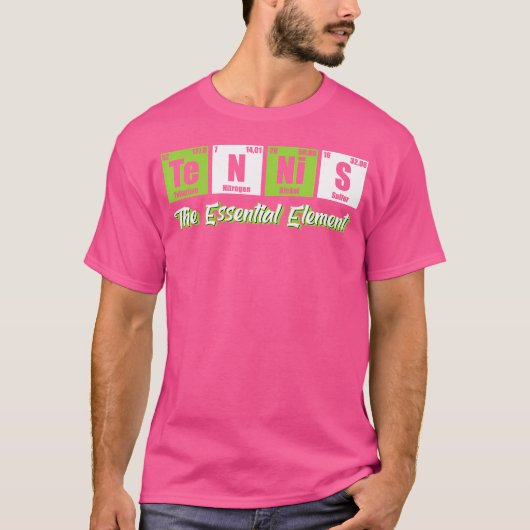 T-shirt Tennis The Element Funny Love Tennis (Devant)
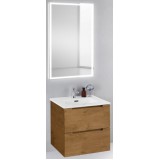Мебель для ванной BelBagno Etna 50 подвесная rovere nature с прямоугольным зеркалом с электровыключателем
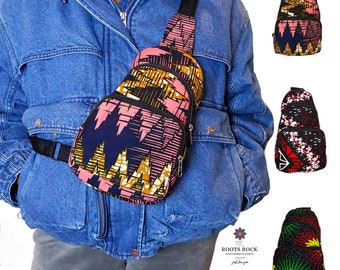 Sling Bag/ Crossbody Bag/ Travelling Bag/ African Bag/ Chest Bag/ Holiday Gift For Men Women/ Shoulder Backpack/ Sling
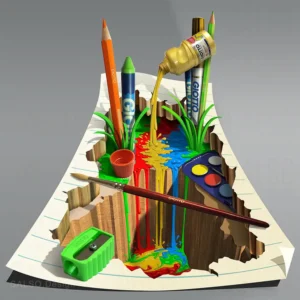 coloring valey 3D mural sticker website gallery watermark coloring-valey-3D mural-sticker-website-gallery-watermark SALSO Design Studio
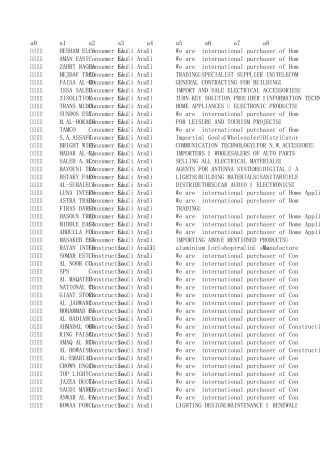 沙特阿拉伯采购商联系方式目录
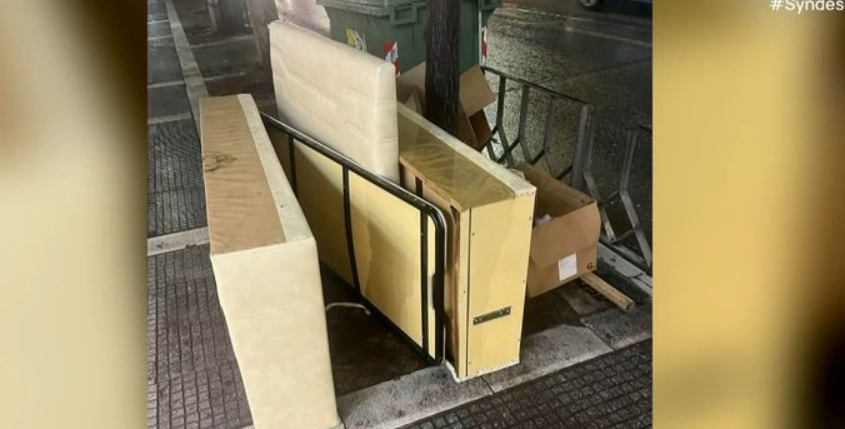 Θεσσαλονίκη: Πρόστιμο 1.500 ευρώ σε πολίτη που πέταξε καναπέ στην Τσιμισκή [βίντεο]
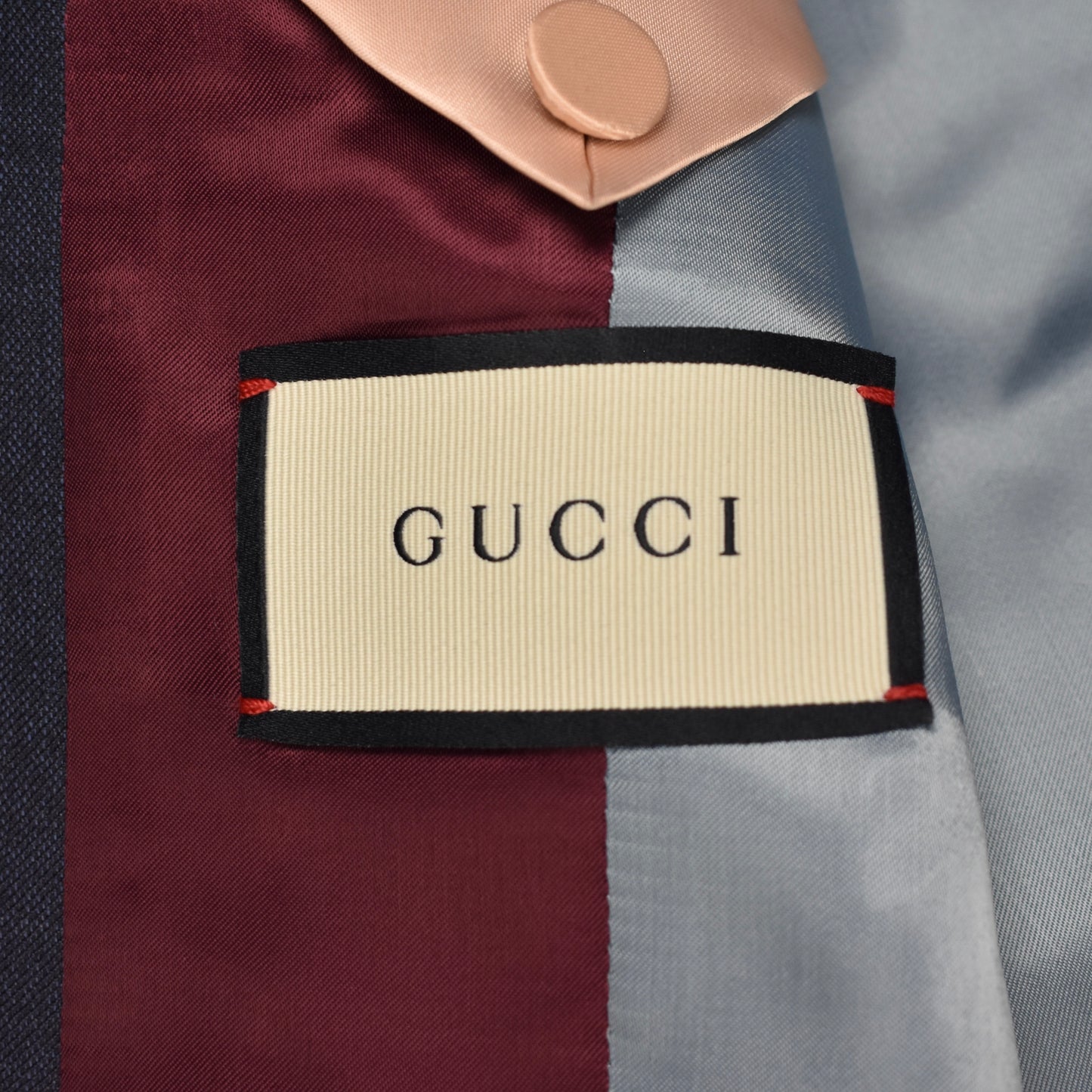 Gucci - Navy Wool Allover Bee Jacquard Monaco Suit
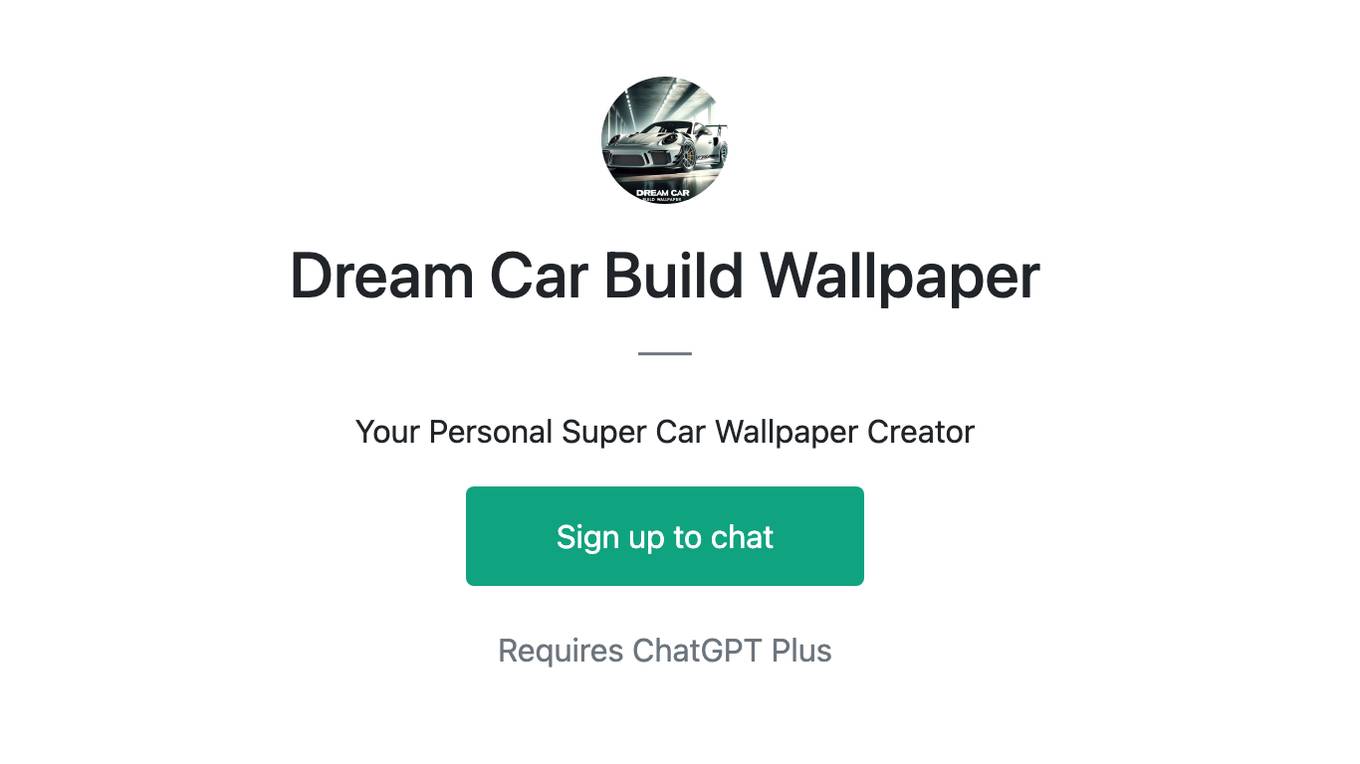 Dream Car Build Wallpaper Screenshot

...

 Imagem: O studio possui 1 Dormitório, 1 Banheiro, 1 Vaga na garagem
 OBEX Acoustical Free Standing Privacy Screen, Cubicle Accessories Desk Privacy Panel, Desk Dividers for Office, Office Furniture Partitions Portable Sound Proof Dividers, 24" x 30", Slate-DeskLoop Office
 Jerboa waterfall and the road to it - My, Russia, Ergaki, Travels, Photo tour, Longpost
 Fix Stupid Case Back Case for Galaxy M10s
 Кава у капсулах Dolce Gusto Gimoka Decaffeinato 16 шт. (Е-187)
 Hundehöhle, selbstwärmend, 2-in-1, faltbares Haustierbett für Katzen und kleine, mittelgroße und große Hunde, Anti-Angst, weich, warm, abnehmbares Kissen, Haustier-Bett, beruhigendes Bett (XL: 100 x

---

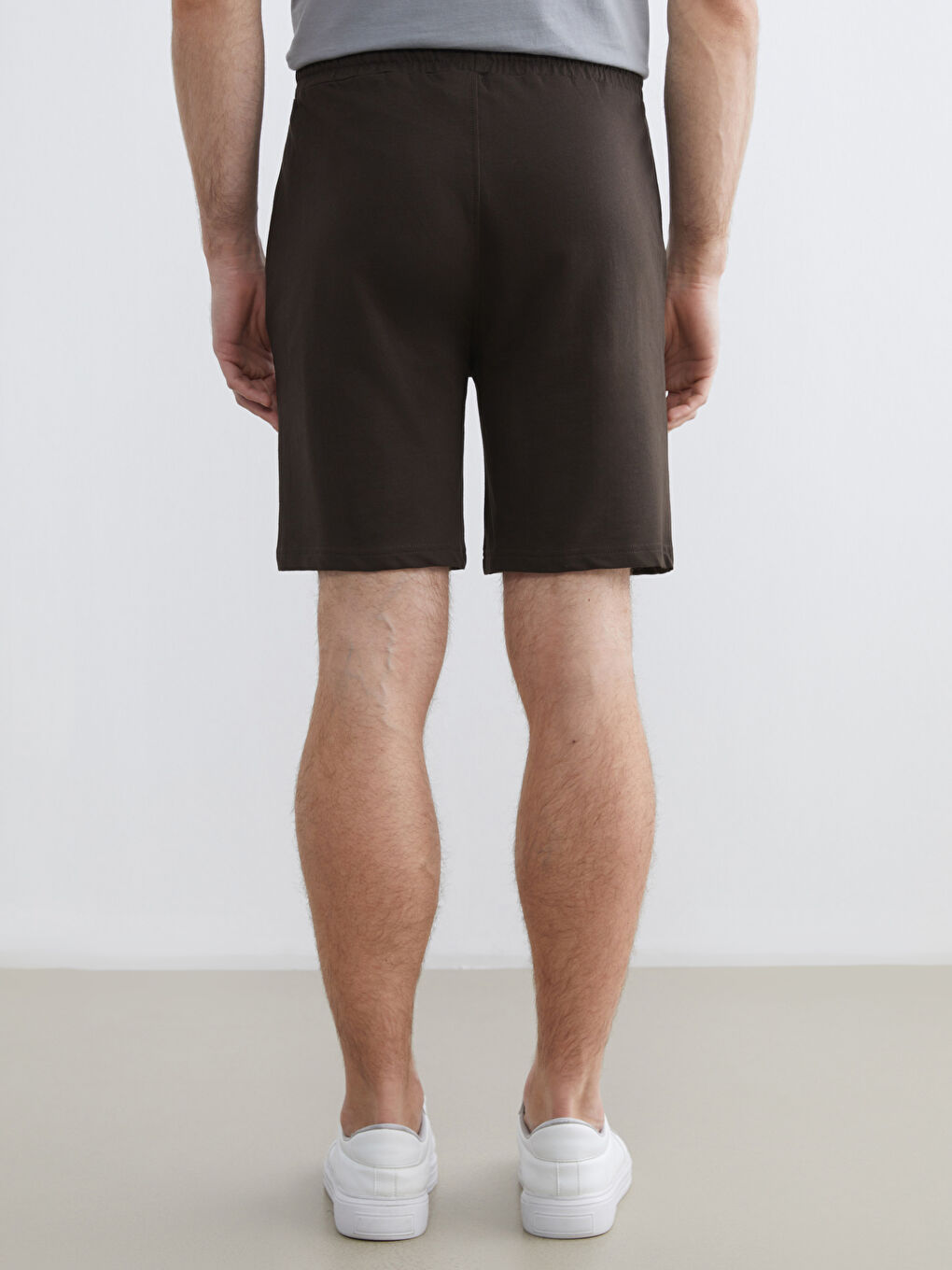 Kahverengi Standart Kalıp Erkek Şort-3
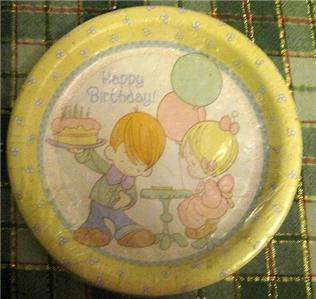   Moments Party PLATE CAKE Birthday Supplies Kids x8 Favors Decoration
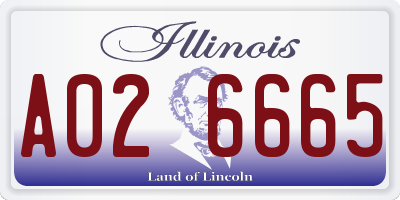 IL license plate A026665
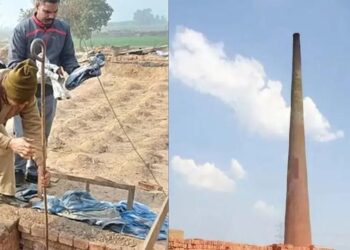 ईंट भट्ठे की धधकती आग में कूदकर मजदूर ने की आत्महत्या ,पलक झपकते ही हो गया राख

▸ **Task prompt**
Would you retype exactly the lines above, from the line with "Кава у капсулах" to the line with "Hundehöhle, selbstwärmend, 2-in-1, faltbares", with both end lines kept and nothing more?

▸ **Reply to the task**
 Кава у капсулах Dolce Gusto Gimoka Decaffeinato 16 шт. (Е-187)
 Hundehöhle, selbstwärmend, 2-in-1, faltbares Haustierbett für Katzen und kleine, mittelgroße und große Hunde, Anti-Angst, weich, warm, abnehmbares Kissen, Haustier-Bett, beruhigendes Bett (XL: 100 x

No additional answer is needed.